The Beatitudes: How to Be a Peacemaker in a World of Conflict
This article is based on Pastor Adrian Rogers' message, The Priority of Peacemaking.
Matthew 5:9
Blessed are the peacemakers, for they shall be called sons of God (Matthew 5:9).
One thing you will never be able to buy is peace. Yet this is a thing the the world needs more than anything else.
We are intelligent people. We know a lot. We can build stadiums, rockets, and communications that span the globe. We have made the world a neighborhood, but we have not made it a brotherhood—and there is a desperate cry, a desperate need for peace.

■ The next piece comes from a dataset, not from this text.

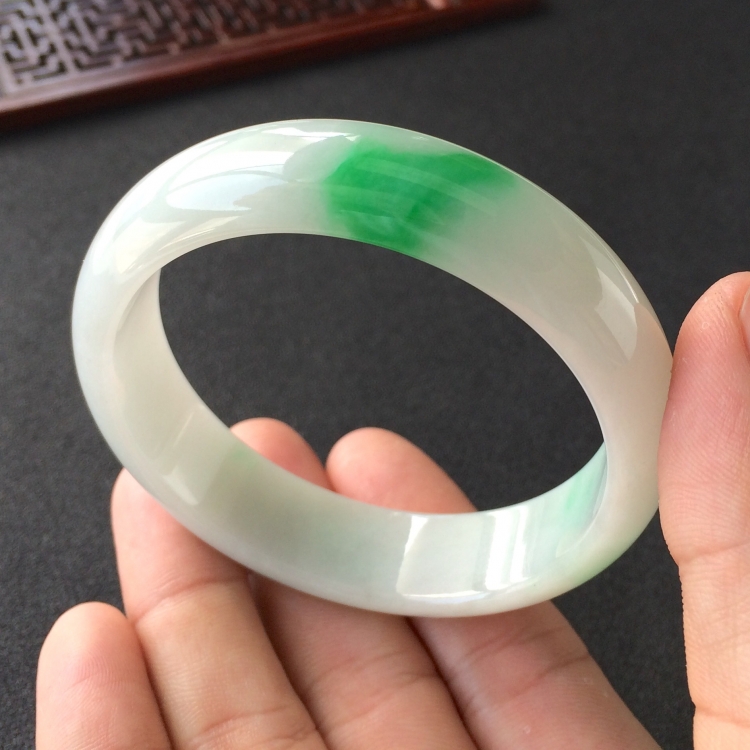 (超值推荐)糯冰种飘翠手镯(56.7mm)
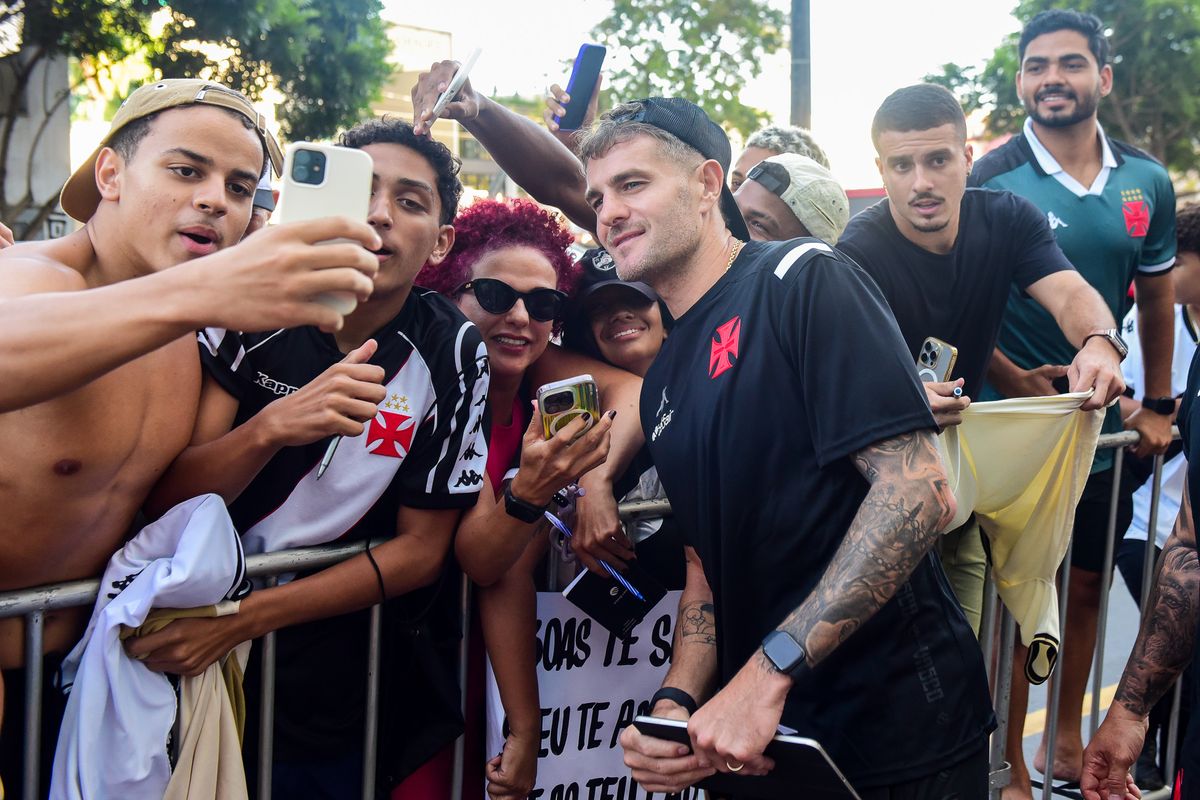 Chegada da equipe do Vasco da Gama no hotel Sheraton em Vitória por Vitor Jubini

Where do wars and fights come from among you? Do they not come from your desires for pleasure that war in your members? You lust and do not have. You murder and covet and cannot obtain. You fight and war. Yet you do not have because you do not ask. You ask and do not receive, because you ask amiss, that you may spend it on your pleasures (James 4:1-3).
Resolving Conflict Starts with Understanding It
As James pointed out, all Mankind is tangled up in three ongoing wars.
We are at War with One Another
Every now and then we have a truce, but a truce is that period of time when you stop to reload. There is no real peace—religious, economic, social, political, family, or personal peace.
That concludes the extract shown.